What’s been your most significant job move to date?
I had been qualified 2 years when I took the jump in 2016 into managing a team of 22 in a flagship pharmacy. I quickly realised the hard graft it would take to turn this pharmacy around and prepare for the GPhC inspection we knew was looming. Sixty hour weeks and drinking my own weight in coffee was not sustainable, but I was determined to get us on track. My management and HR skills were put to the test, but I quickly learnt to utilise my teams’ strengths and within a matter of weeks we had secured brilliant results at our inspection; our only adverse comment was about the carpets!
What are your ambitions for your career?
Sourcing advice and information about medicines via technology is becoming more and more the norm. I have just started working on my YouTube channel where I hope to make a change to people’s health on a wider scale. As one of the ten Royal Pharmaceutical Society Ambassadors I respond to media enquiries on their behalf. My additional workload outside my day job has given me a flavour of what can be achieved outside of the traditional pharmacist role.
What gets you out of bed each day, professionally?

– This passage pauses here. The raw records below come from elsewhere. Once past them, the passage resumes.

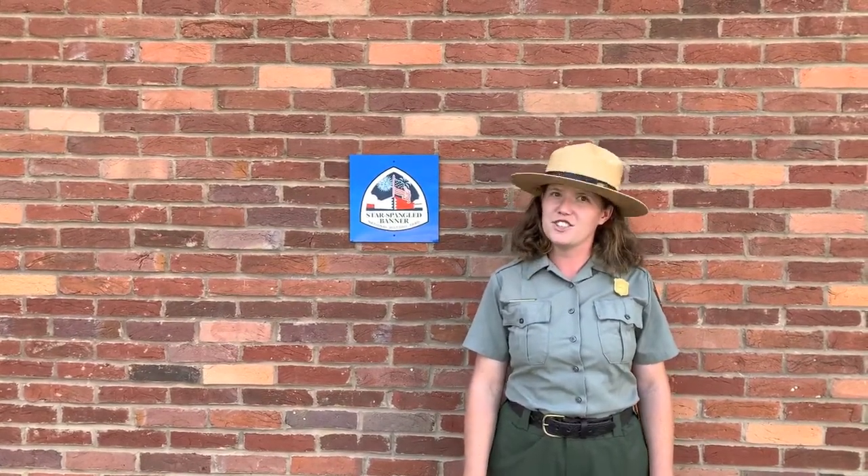Hey folks, Ranger Betsy here, and today we're going out on the trail to visit North Point State Battlefield in Baltimore County. And to learn a little bit more about it, we'll talk to a ranger who works there.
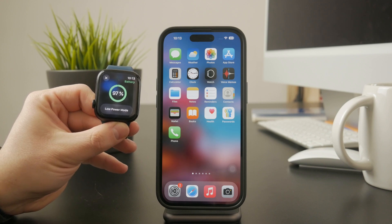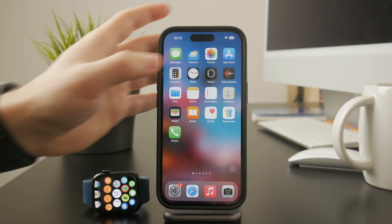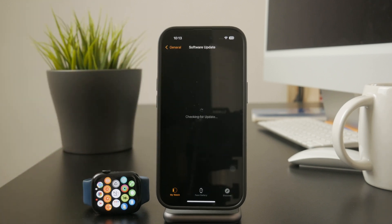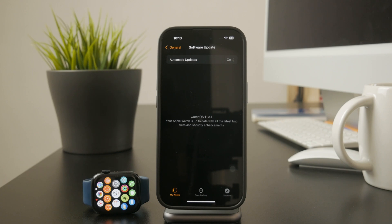If none of these settings are the problem, software issues could be affecting your brightness. Try restarting your Apple Watch and see if that fixes it. Also, check for watchOS updates by going to Settings, General, and Software Update on your watch. Updating to the latest version might resolve any bugs causing the brightness to stay low.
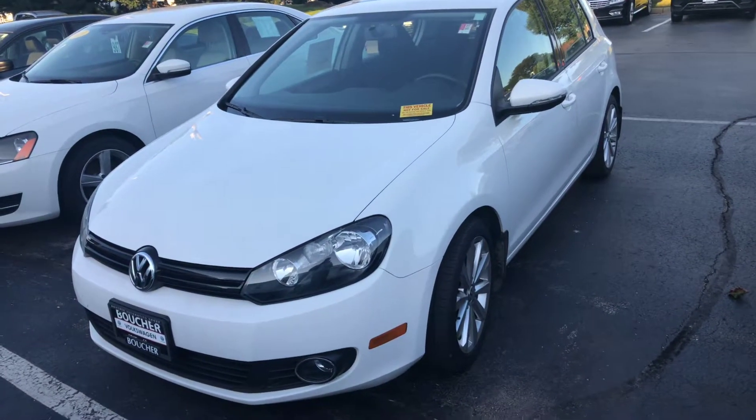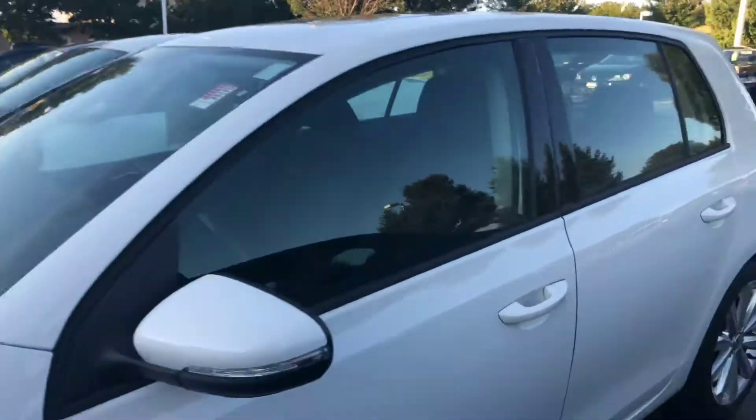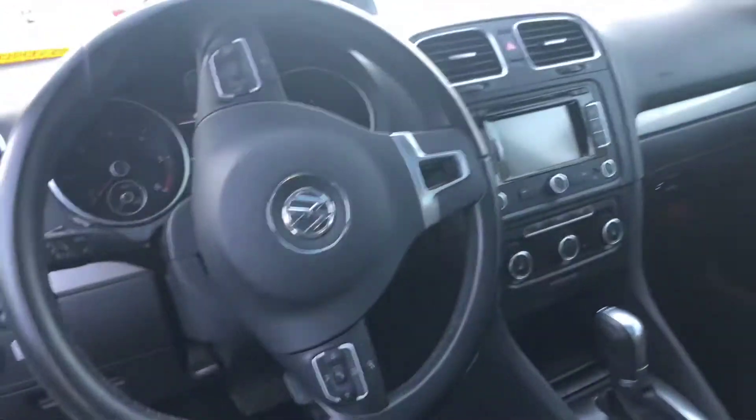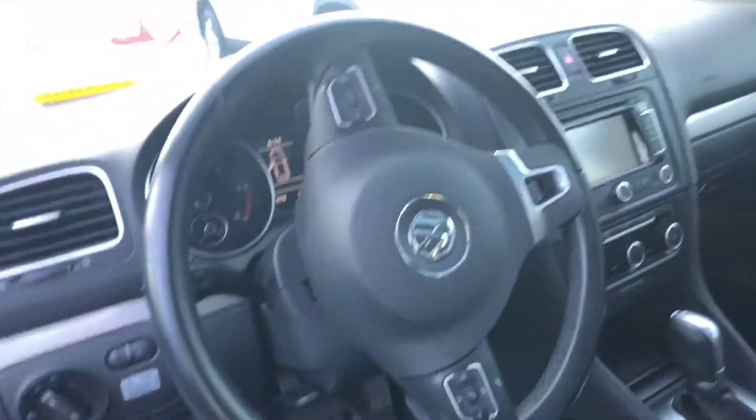Here's our 2013 Volkswagen Golf TDI. It's a nice four-door model with the sunroof and navigation. It was owned by a non-smoker. Everything's very clean on the interior. It does have heated seats as well with the cloth, which is a nice option. Bluetooth connectivity with steering wheel controls.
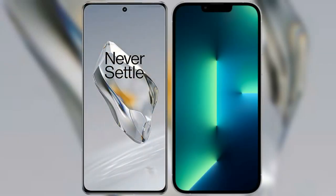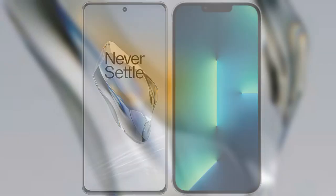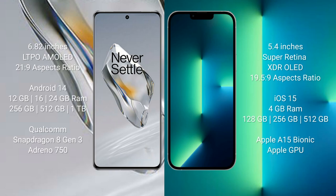I will compare the new OnePlus 12 with the iPhone 13 Mini. The OnePlus 12 comes with a 6.82-inch LTPO AMOLED display with an aspect ratio of 20:9. The iPhone 13 Mini comes with a 5.4-inch Super Retina XDR OLED display with an aspect ratio of 19.5:9.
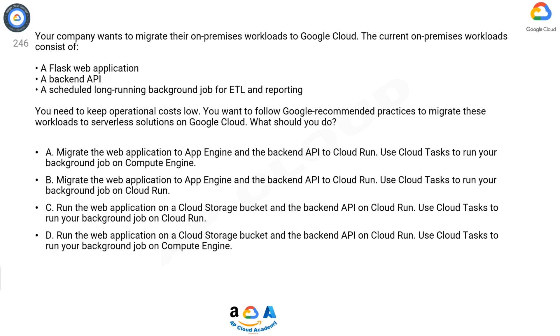C: Run the web application on a Cloud Storage bucket and the backend API on Cloud Run. Use Cloud Tasks to run your background job on Cloud Run. D: Run the web application on a Cloud Storage bucket and the backend API on Cloud Run. Use Cloud Tasks to run your background job on Compute Engine.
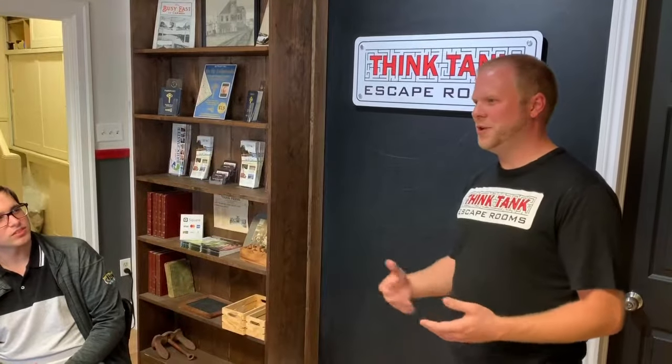Everything in the room is meant to be in there and everything to escape is already in the room. Feel free to explore everything that's in there — try to open things up, take things apart. You won't have to break anything open by force. Anything that's meant to come apart will come apart.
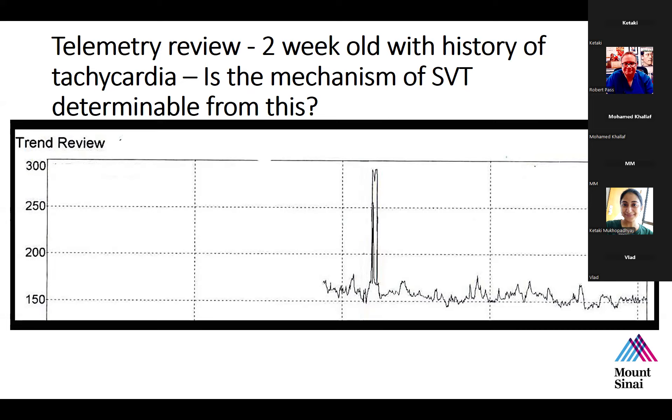There are technical reasons ablations are avoided in babies — additional procedural risk and difficulty — but the most important reason is the favorable natural history. There is some evidence that infants with WPW may have a slightly higher recurrence rate, perhaps up to 50% beyond one year of age, but medical therapy remains the recommendation for SVT in infants.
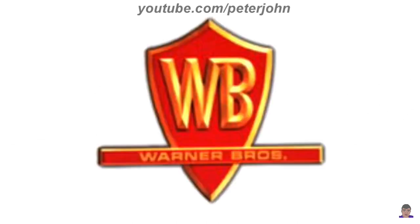1970 to 1972: they changed its name to Warner Bros. There is a red long shield with a golden outline, and inside it there are the letters W and B in golden text. Also on the shield there is a red line, and inside it there are the words Warner and Bros in golden text.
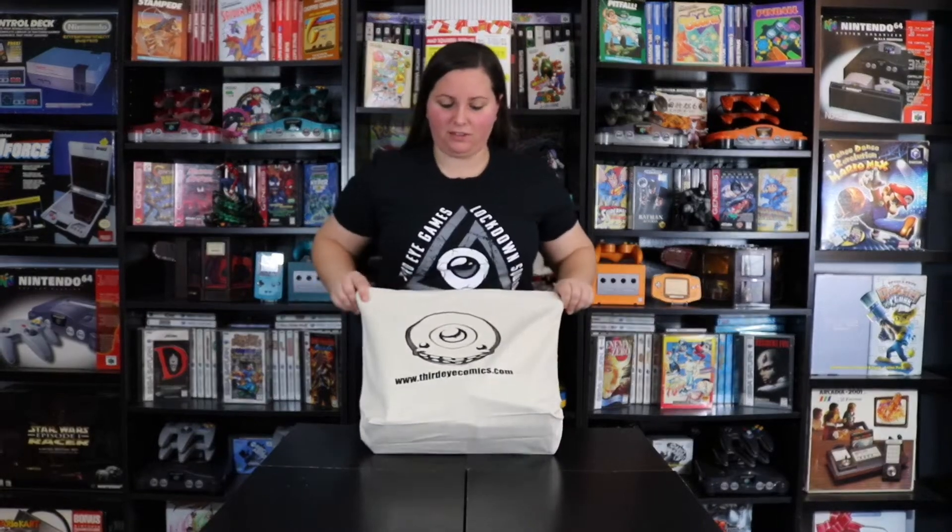Hey guys, it's GamerAimer here. Today I'm going to go ahead and continue with my second pickup for Black Friday. As you see in front of me, we have this tote bag and it says thirdeyecomics.com. I actually picked these up at Third Eye Games and Hobbies, so I'm going to drop those links below. These are actually some board game pickups, so let's go ahead and see what I got.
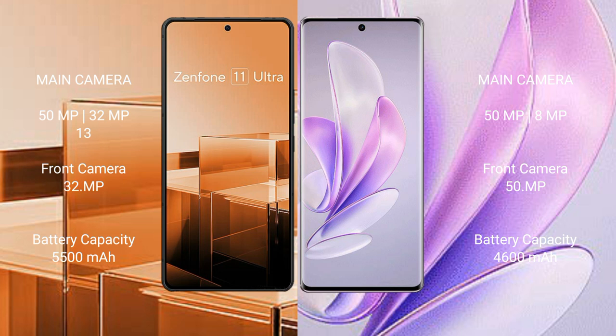Asus Zenfone 11 Ultra has a 5500mAh battery with 65W fast charging support. Vivo S17 has a 4600mAh battery with 80W fast charging support.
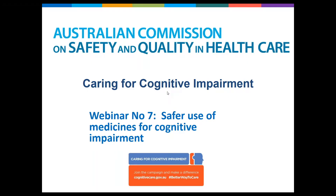Hello everyone, welcome to today's webinar. My name is Anne Cumming and for those who are joining for the first time, I'm the Principal Advisor for Cognitive Impairment at the Australian Commission on Safety and Quality in Healthcare. Today's webinar is about safer use of medicines for cognitive impairment. It is our seventh webinar for the Caring for Cognitive Impairment Campaign.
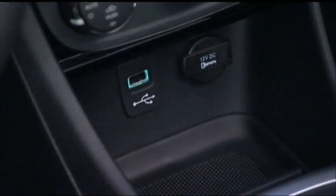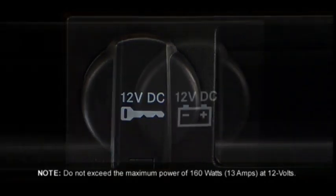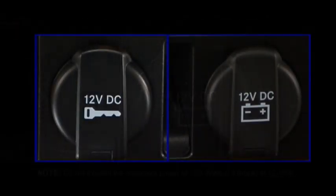Your vehicle may be equipped with one or more 12-volt power outlets. Some can only be used when the ignition is in the on position, while some are powered directly by the battery and can be used any time. Remember though, excessive use of this outlet can drain the vehicle's battery. The power outlets can be used to power cell phones, electronics, and other low power devices.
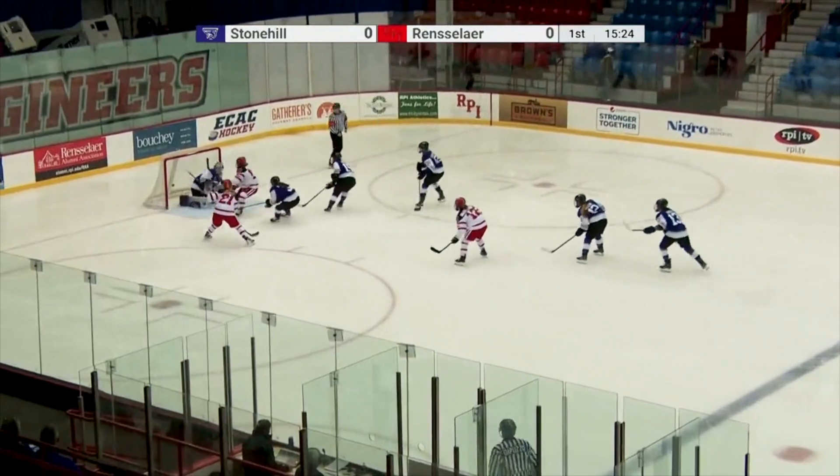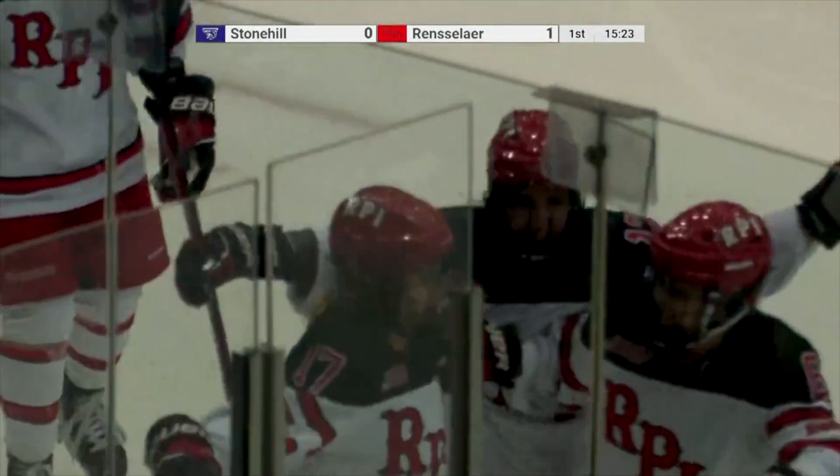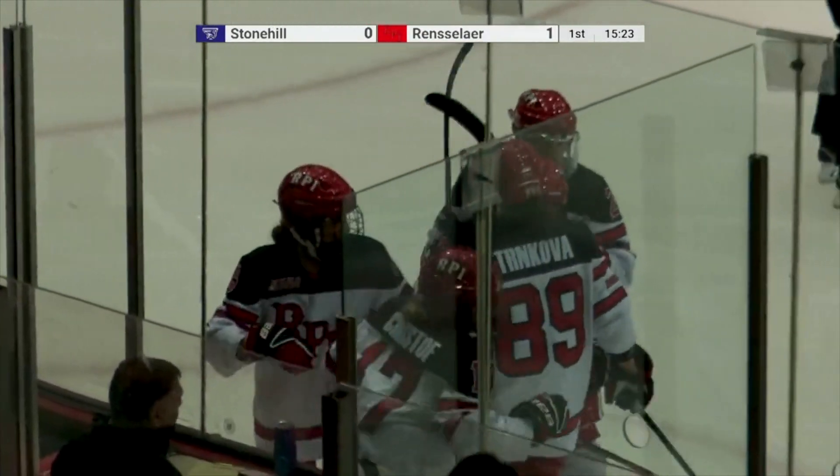In the defensive end, never a good thing. Here comes Nina Kristoff in on a break — it's Kristoff, she scores! Nina Kristoff's second goal in as many games, and the Engineers strike first.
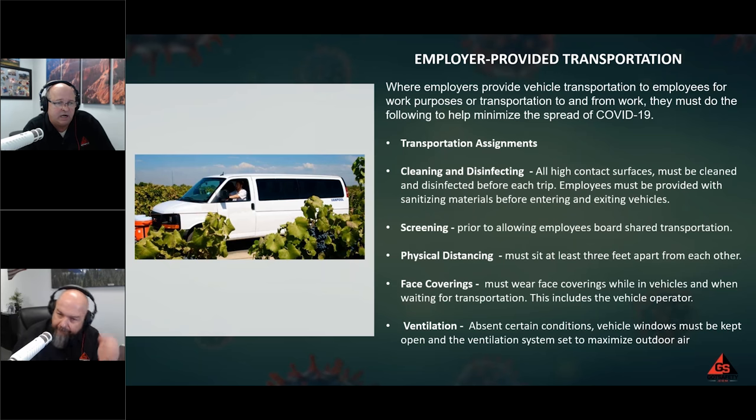Face coverings must be worn in the vehicle, including by the operator. Ventilation is also required — absent of conditions like pouring rain, freezing cold, or blazing heat, windows must be kept open and ventilating systems set to maximize outdoor air. A crack in the window may do it, or you may need them all the way down. In a van, for example, if there are only two windows that roll down, you've got to get ventilation to the people in the back. It's a tough requirement, but that's what the code says.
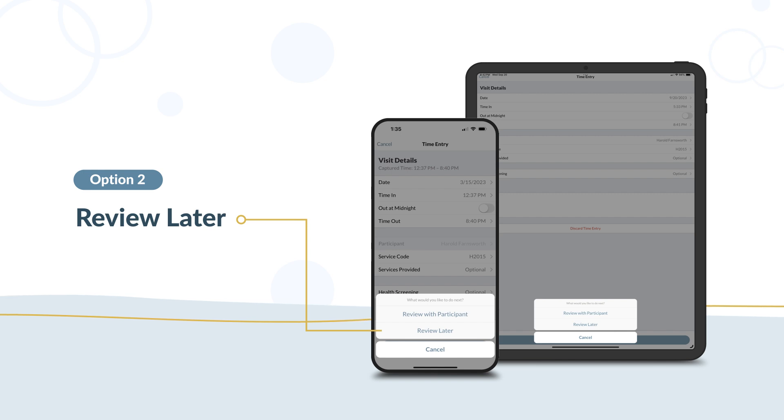To prevent fraud, your participant must approve and sign all time entries. You cannot sign for the participant. This could be considered fraud, which is a federal crime.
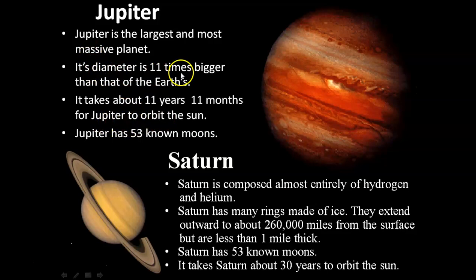Jupiter's diameter is 11 times bigger than Earth's. Saturn is composed almost entirely of hydrogen and helium. Saturn has many rings made up of ice, which extend outward to 260,000 miles from the surface but are less than 1 mile thick. Saturn has 53 moons and takes 30 years to orbit the sun.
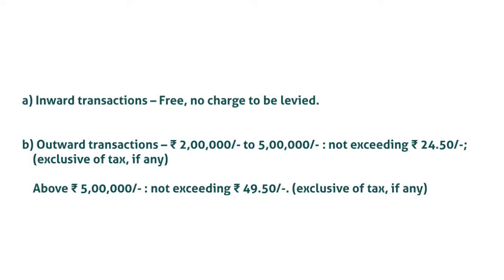Regarding processing charges and service charges for RTGS transactions: with effect from 1st July 2019, the Reserve Bank has waived the processing charges levied by it for RTGS transactions. Banks may pass on this benefit to their customers. With a view to rationalizing the service charges levied by banks for offering fund transfer through the RTGS system, a broad framework of charges has been mandated as follows.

Starting my day with something that I do for me is a must. I used to wake up and be out the door, already thinking about my working day. This morning, I got into my fluffy dressing gown and started writing the content for my next Vlog.
How do you relax?
Being out of my comfort zone makes everything else seem trivial and I find it resets my batteries. On a ski trip with seasoned snowboarders I found myself going down a ridiculously treacherous slope at what felt like a million miles an hour. Somehow I remembered the instructions from my distractingly handsome ski instructor and made it in one piece to the ice bar at the bottom of the slope. Before you know it, I was on the ski lift going back up for more without a single thought for the emails stacking up in my inbox!
Optimist or pessimist?
Life is too short for pessimism and smiling uses fewer facial muscles. Fewer facial muscles means less wrinkles. Win-win.